— WHAT IS NEEDED —
In the material below, find the line containing "KNKA Luftentfeuchter 16L/Tag" and the line containing "Ballerina Pattern, Ballet", then reproduce exactly both of them and every line between, and nothing else.
[Start of section]
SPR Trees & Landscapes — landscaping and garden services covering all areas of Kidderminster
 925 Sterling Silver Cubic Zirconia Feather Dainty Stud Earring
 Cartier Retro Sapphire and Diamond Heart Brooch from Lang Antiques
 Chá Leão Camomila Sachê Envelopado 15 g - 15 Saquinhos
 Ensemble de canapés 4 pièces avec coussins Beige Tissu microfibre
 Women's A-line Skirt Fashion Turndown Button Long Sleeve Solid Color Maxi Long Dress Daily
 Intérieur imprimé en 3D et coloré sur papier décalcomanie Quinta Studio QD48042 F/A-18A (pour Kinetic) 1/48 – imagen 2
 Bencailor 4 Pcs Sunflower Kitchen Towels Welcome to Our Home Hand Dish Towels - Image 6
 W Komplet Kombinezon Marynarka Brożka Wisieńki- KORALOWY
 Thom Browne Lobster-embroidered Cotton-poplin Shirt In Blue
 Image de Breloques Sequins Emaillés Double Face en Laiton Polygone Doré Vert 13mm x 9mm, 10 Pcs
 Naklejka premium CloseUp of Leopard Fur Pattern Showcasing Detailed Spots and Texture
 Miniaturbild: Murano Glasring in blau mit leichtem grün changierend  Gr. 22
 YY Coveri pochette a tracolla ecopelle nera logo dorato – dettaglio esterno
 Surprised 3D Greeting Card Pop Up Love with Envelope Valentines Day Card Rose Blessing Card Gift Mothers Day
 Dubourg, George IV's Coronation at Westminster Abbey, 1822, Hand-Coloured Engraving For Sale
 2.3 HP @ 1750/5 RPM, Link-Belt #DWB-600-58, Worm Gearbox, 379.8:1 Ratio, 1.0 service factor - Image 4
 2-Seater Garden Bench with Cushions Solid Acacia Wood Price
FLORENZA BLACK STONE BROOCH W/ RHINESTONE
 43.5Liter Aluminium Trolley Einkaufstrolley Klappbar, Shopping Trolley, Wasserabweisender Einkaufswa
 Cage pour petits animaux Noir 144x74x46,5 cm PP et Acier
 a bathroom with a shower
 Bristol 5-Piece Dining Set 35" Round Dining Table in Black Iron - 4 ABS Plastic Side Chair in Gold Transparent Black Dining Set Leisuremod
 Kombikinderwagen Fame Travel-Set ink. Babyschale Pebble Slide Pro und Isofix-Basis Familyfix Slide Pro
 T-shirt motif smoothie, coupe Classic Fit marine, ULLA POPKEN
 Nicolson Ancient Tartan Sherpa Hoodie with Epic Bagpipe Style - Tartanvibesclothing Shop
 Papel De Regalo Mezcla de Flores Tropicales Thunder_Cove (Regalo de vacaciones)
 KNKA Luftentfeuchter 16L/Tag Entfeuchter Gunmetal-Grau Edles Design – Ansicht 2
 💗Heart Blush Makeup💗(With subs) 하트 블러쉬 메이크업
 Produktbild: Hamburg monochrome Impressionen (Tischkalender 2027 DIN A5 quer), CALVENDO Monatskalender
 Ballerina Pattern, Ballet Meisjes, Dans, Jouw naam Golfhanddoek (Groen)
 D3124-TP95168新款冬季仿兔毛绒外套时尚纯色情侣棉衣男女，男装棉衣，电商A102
[End of section]
— WRITTEN SOLUTION —
 KNKA Luftentfeuchter 16L/Tag Entfeuchter Gunmetal-Grau Edles Design – Ansicht 2
 💗Heart Blush Makeup💗(With subs) 하트 블러쉬 메이크업
 Produktbild: Hamburg monochrome Impressionen (Tischkalender 2027 DIN A5 quer), CALVENDO Monatskalender
 Ballerina Pattern, Ballet Meisjes, Dans, Jouw naam Golfhanddoek (Groen)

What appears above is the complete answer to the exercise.